MacCulloch was one of three players who were announced as the latest inductees to the Manitoba Basketball Hall of Fame.
"That feels great," said MacCulloch, who plans to attend the induction dinner in October. "It's really nice to be inducted in my home province. It's quite an accomplishment and I'm really honoured to be recognized."
While playing in back-to-back NBA finals with two different teams will remain a special memory for MacCulloch, there is another one that actually beats that.
"Winning the provincial championship when I was in Grade 11," he recalled. "We were playing Miles Mac and we beat them 61-59, and I scored 50 points. I was so happy that we won that it was like an out-of-body experience. I've been trying to get that feeling back ever since. But I've never been able to recapture that feeling, maybe because it was my first championship."

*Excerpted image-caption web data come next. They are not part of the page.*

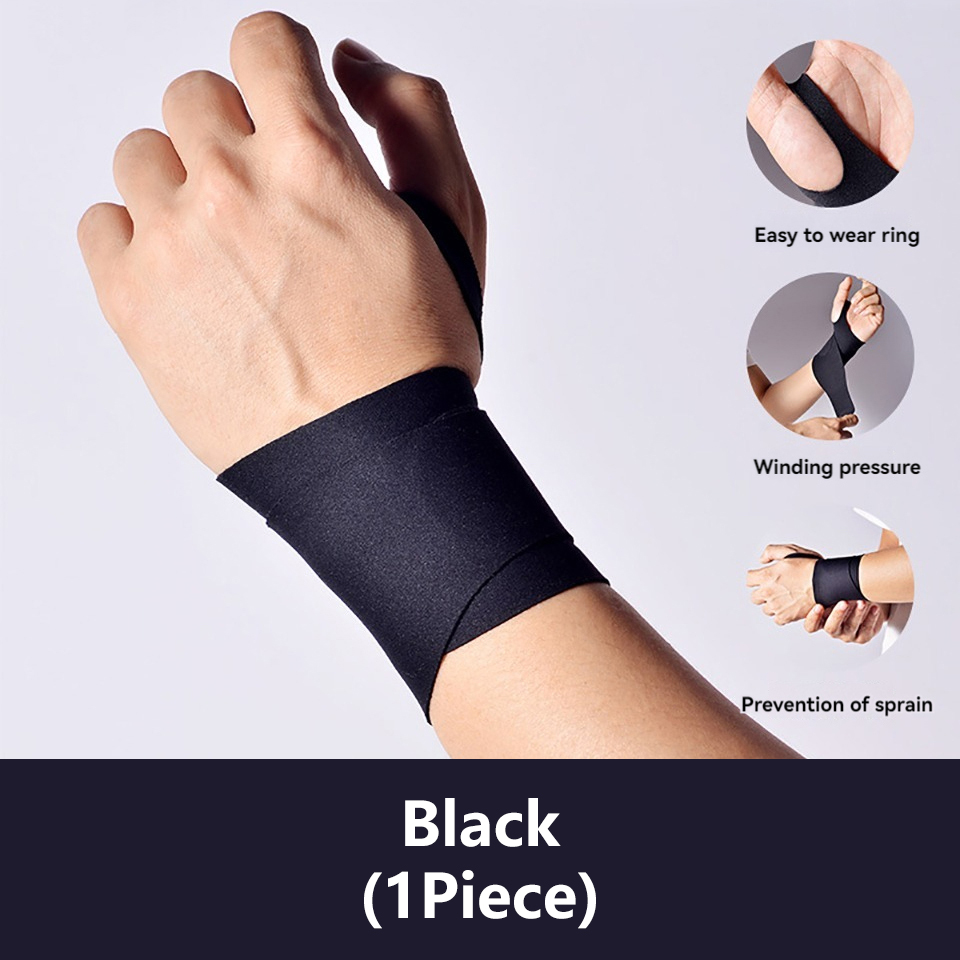 Attelle de poignet à Compression fine réglable, 1 pièce, protection contre les entorses, gaine tendineuse, douleur pour hommes et femmes, exercice de soutien de sécurité: WHITE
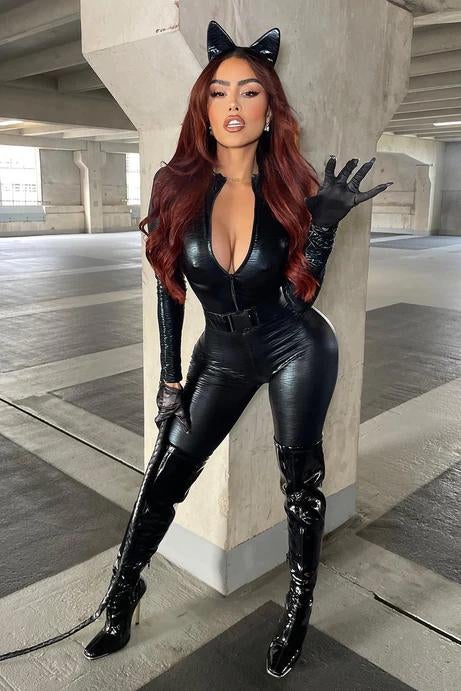 Fashion Nova catwoman pakje carnaval halloween, Carnaval, Nieuw, Ophalen of Verzenden, Kleding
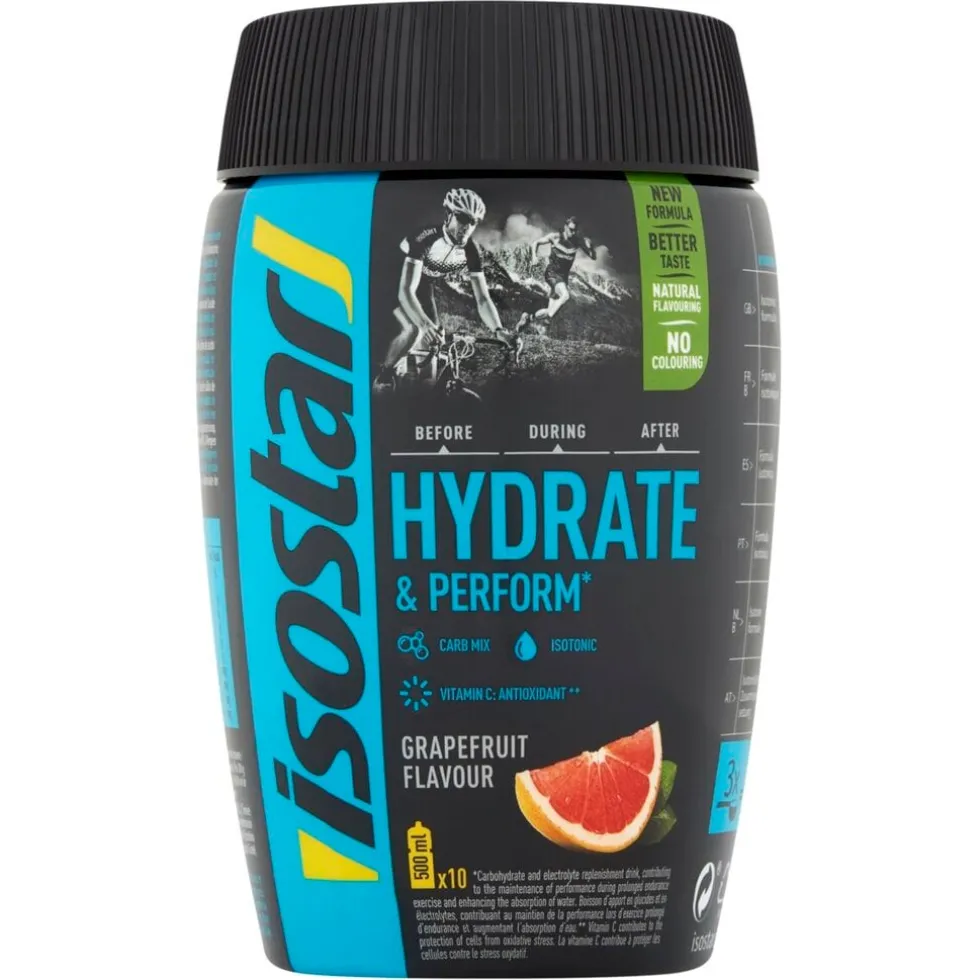 isostar-hydrate-perform-grape-DUluAqED-0.webp New Isostar Hydrate & Perform Grapefruit Sportdrink Poeder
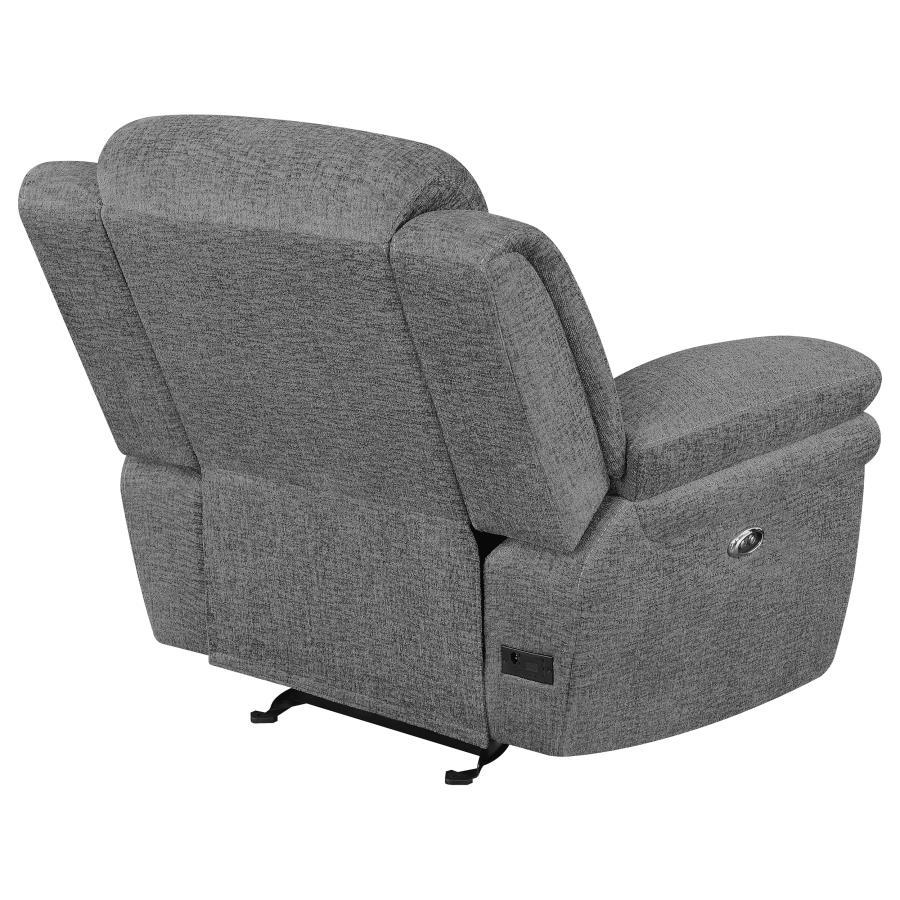 Bahrain - Upholstered Glider Recliner by CoasterEssence | Bel Furniture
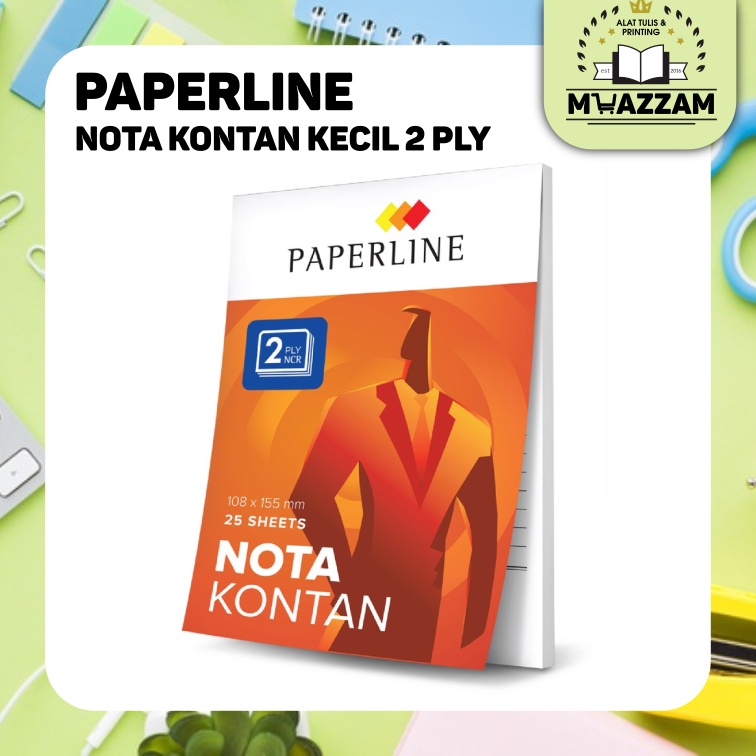 

Paperline Nota Kontan K2 NCR 2 Ply Kecil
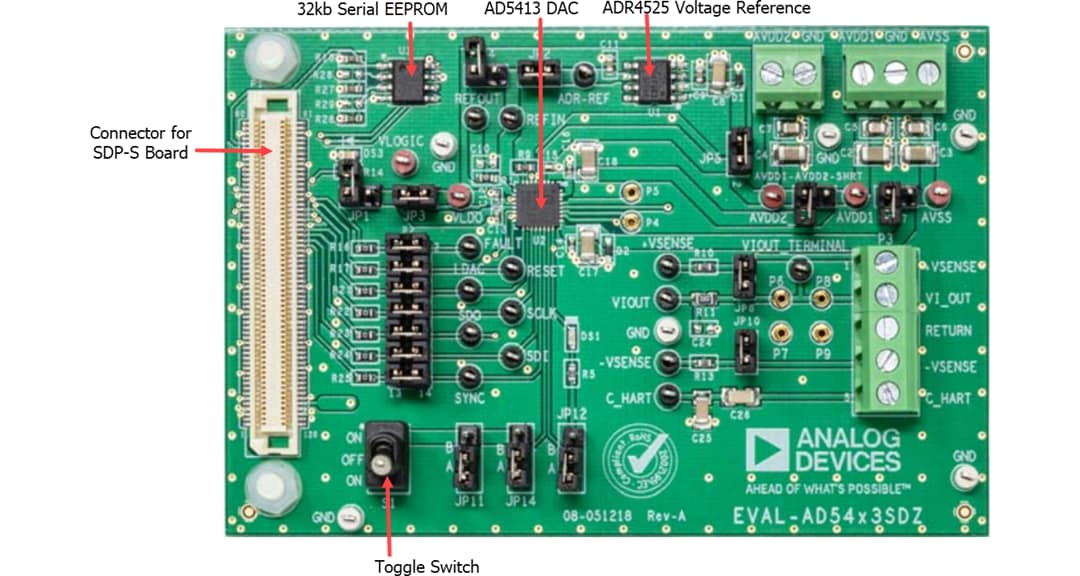 Analog Devices Inc. EVAL-AD5413SDZ Evaluierungsboard
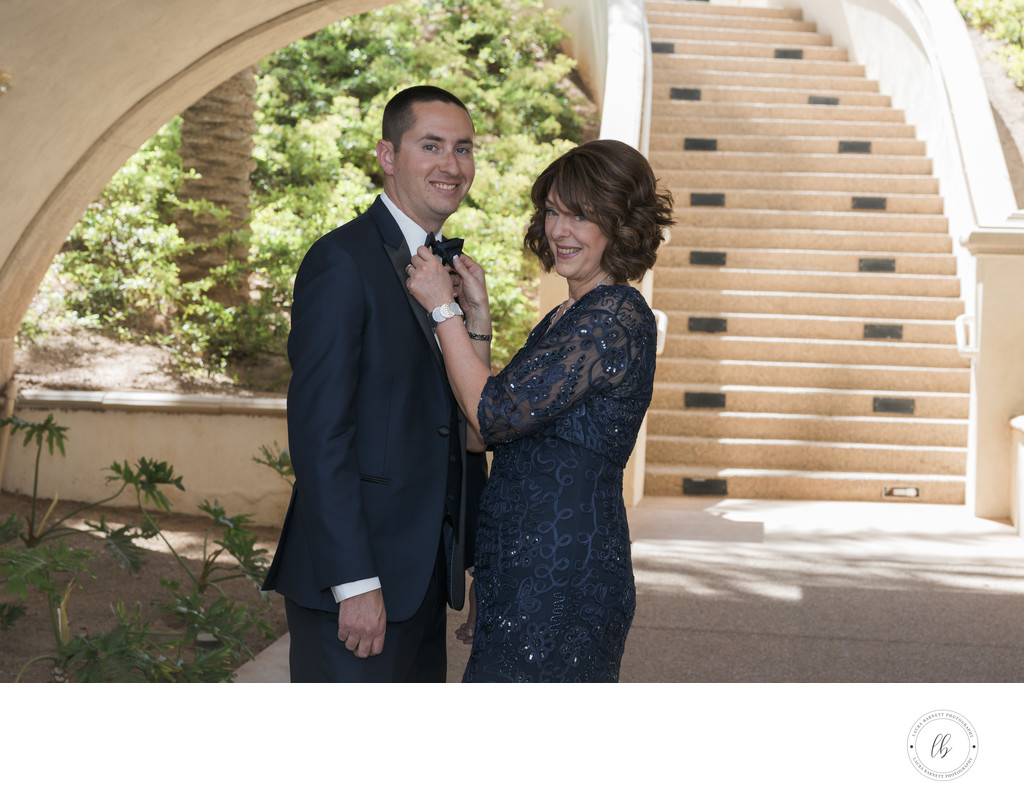Las Vegas Wedding Photographer-groom and mother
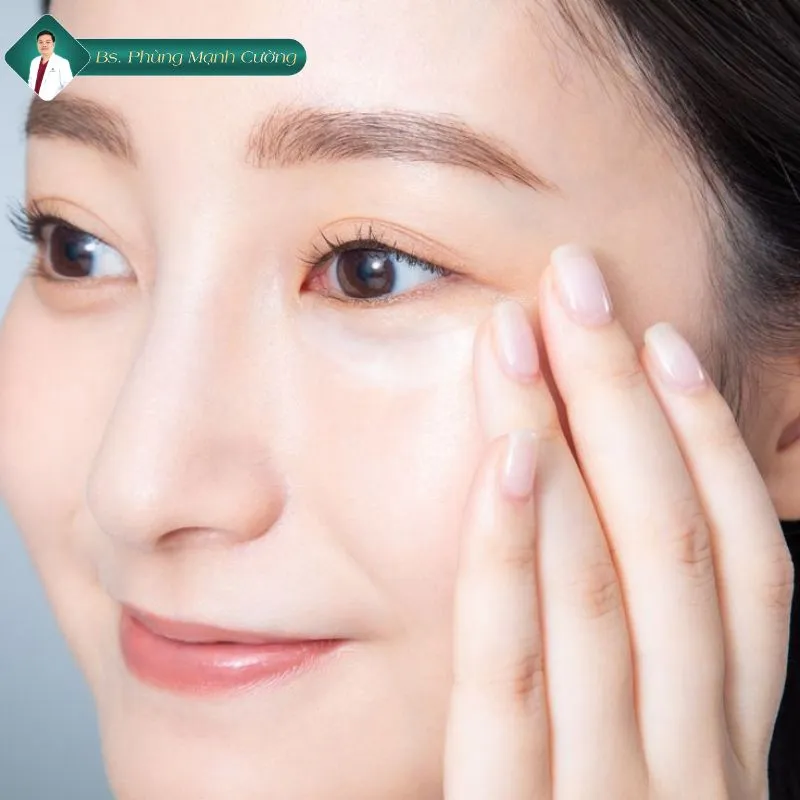 Chăm sóc sau nhấn mí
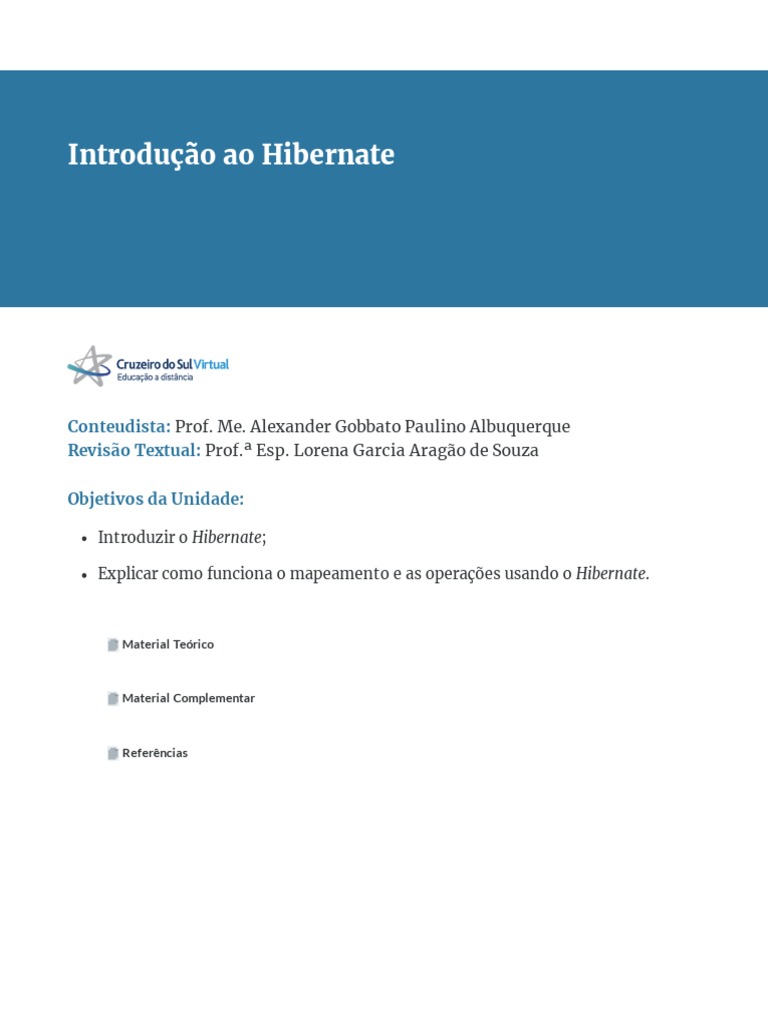 Introdução ao Hibernate e NHibernate | PDF | Bancos de dados ...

MacCulloch spent five years being the colour man on 76ers broadcasts until the team eliminated the position last season. He now works as a sports analyst for FOX and still competes in pinball. In fact, he will be one of two Canadians who will compete at the European championship in England this summer.
MacCulloch currently lives on Bainbridge Island with his wife and 15-month-old daughter, Carmen. Despite the problems with his feet, he will still struggle through nine holes of golf but uses a cart.
"I have a 19 handicap for nine holes," he joked.